The purpose of this paper is to review the current status of GIS for
spatial decision support. The next section reviews the history of
this area of GIS application, and explores the nature of spatial
decision support. This is followed by a review of recent critiques
of GIS, focusing on issues in spatial decision support. The concept
of public-participation GIS is reviewed, together with recent
developments in the research literature. Finally, the role of the
Internet is reviewed, with associated concepts of digital libraries
and Web-based mapping, all of which have proven to be significant in
the development of GIS as spatial decision support systems.
GIS in planning
The role of GIS in decision support is consistent with longstanding
traditions in a number of disciplines. McHarg (1969) focused and
partly formalized some of these traditions in his well known layer
model, in which the solution to spatial problems is obtained by
superimposing layers of suitably weighted geographic information in
the form of transparent maps. For example, the best route for a new
highway might be obtained by preparing a series of maps, each
representing one factor or criterion relevant to the decision.
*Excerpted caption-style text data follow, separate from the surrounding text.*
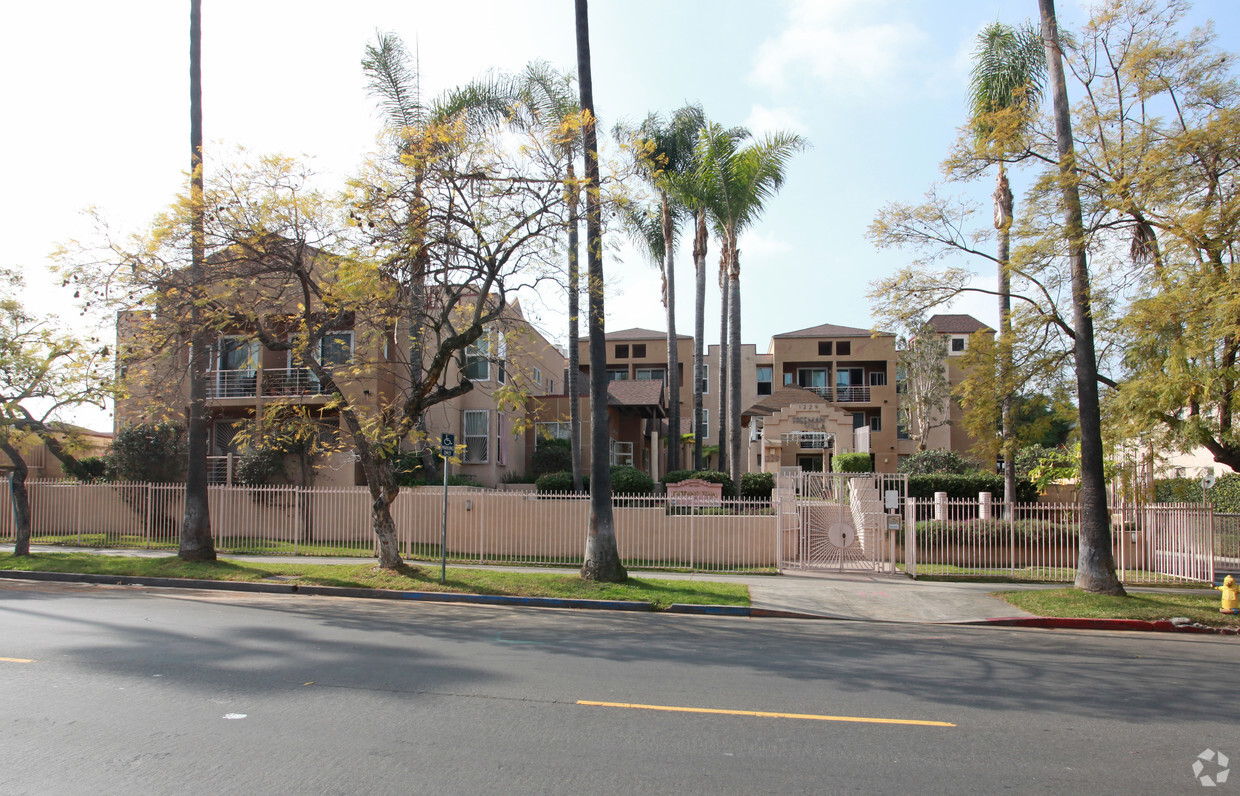 Primary Photo - Freeman Villa Apartments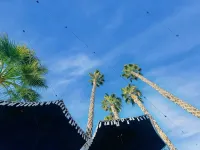 The California Dreamhouse, by Desert Vibes. Saltwater Pool + Hot Tub! - 2つ星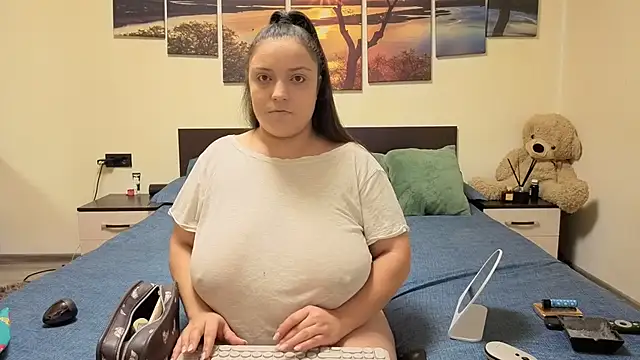 adelline online show from February 13, 2026, 9:33 pm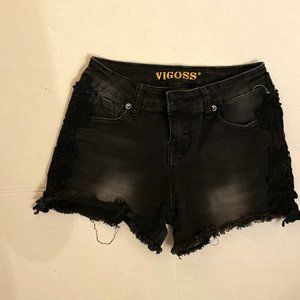 Vigoss black twill shorts frayed hem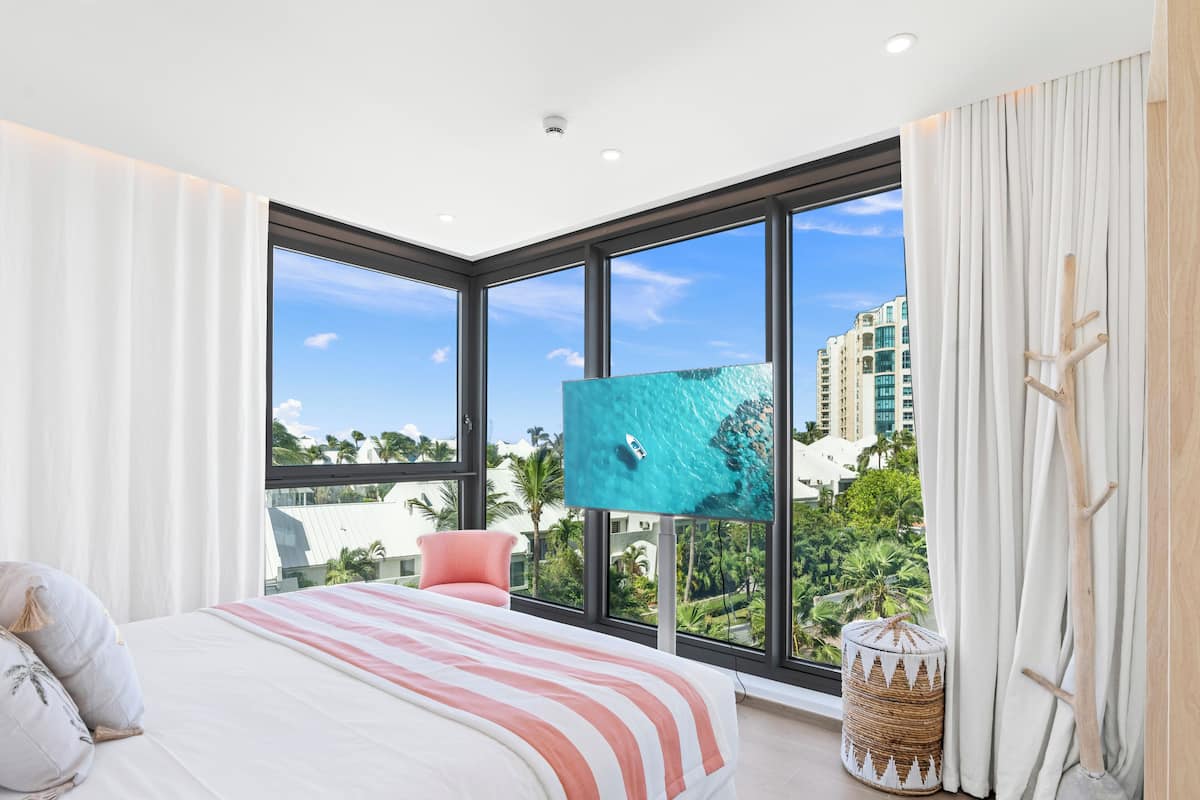 Deluxe Apartment, 1 Bedroom, Beach View | 1 bedroom, premium bedding, in-room safe, individually decorated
Each
map would show the factor, and be shaded darkest where the factor is
least favorable, and lightest where it is most favorable. When
overlaid, the combined layers reveal the weighted combination of all
factors (in principle their product), allowing the best location to
be chosen quickly by eye. To McHarg, the layer model was a simple
representation of the process of landscape architecture, and each
layer represented one specific disciplinary expertise. McHarg was
quick to see the relevance of GIS, as a way of automating and
further formalizing the simple procedure. Instead of the
uncontrolled combination of layers that occurs when they are
superimposed over a light source, GIS implementations of McHarg’s
method allow each layer to be carefully evaluated and weighted, and
for the process of combination to be controlled to follow the most
appropriate mathematical function. The command language invented and
popularized by Tomlin (1990) and known as cartographic modeling is
one way of facilitating this combinatorial process, and other
approaches have been described by Takeyama and Couclelis (1997), van
Deursen (1995), and others. The term multi-criteria decision-making
(MCDM) is now used to describe such analytical procedures (Massam,
1988; Thill, 1999).
Recently, far more sophisticated methods have become commonplace in
GIS, and have been enabled through extensions to GIS functionality.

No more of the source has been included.